Be like Jesus and Buddha – Stop being concerned what others think of you. One of the greatest gifts you can give yourself is beginning to cultivate the habit of not caring what other people think of you. Stop assuming people are saying “this or that” about you. Most likely you’re probably wrong anyway. And even if you’re not, all that truly matters is what you think of yourself. Be nice, help others when you can and follow your heart. Stop wasting your precious energy trying to figure someone else out. Let the mind gossip fall away.
Get a little crazy. Remember, all the magic happens outside your comfort zone. Start making the uncomfortable, comfortable by doing one thing that scares you today. Look people in the eyes and talk to strangers. Tell everyone you know that you love them. Reprogram yourself. Forget who they told you you should be. Stop caring what people think of you. Like Dr Suess says “Those that matter don’t mind and those that mind don’t matter.” Grow a beard, wear different clothes, walk a new way to work, whatever works, do it and do it often.
Begin to understand the 20% of your life that is producing the 80% of positivity in your life. This entails a life audit. My mother always said “You need to know what you’re not good at.” And that’s precisely what we’re going to concentrate on today. Let’s start by making a NOT TO DO LIST. What things are you doing that make you feel exhausted and don’t seem to have any real value to anyone. What could you cut out today? Begin that list now.
Give yourself the no-defense challenge. The final stage of releasing yourself from the imaginary chains of hardship involves practising the art of NO-defense.

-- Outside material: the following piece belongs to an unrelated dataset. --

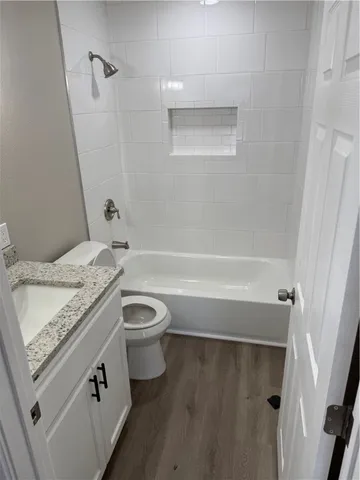 a bathroom with a granite countertop sink a toilet and bathtub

When people lash out, it’s usually because they’ve been lashed. And, everyone truly is doing the best they can with the information they have. I realize being compassionate to someone who is insulting you is not an easy task. Katie Byron says, “Defense is the first act of war.” And if you can truly listen to your critics, you may even be able to find a little truth them. But mostly, it’s the reality of the person who says it to you. Not yours. A lack of defence requires a very strong connection with your source when you feel anger bumbling. Staying calm and not reacting when someone is directing their anger will require practice.
Whenever anyone actively attacks me I try to remember Lao Tzu’s words, “Do you have the patience to wait till the mud settles and the water is clear? Can you remain unmoving til the right action arises by itself?” You and this world don’t evolve with fighting; this happens with ideas and dreams. Wars end with the highest ideals of freedom and com- passion. Next time you get mad, give yourself a timeout. Walk away from the situation. Do something completely different. Catch your breath. Do not react for at least an hour. You’ll find that when you come back, the environment may have changed and you can discuss solutions, not problems. Or not. Either way, you will not have allowed another to have power over your actions. Remember Bernard Shaw’s quote, “I learned long ago, never to wrestle with a pig. You get dirty, and besides, the pig likes it.”
To see through the illusion of hardship:
- Be like Jesus or Buddha
- Get a little crazy
- Become intimate with the 20% of your life is creating 80% of your success and happi- ness. Then do more of that.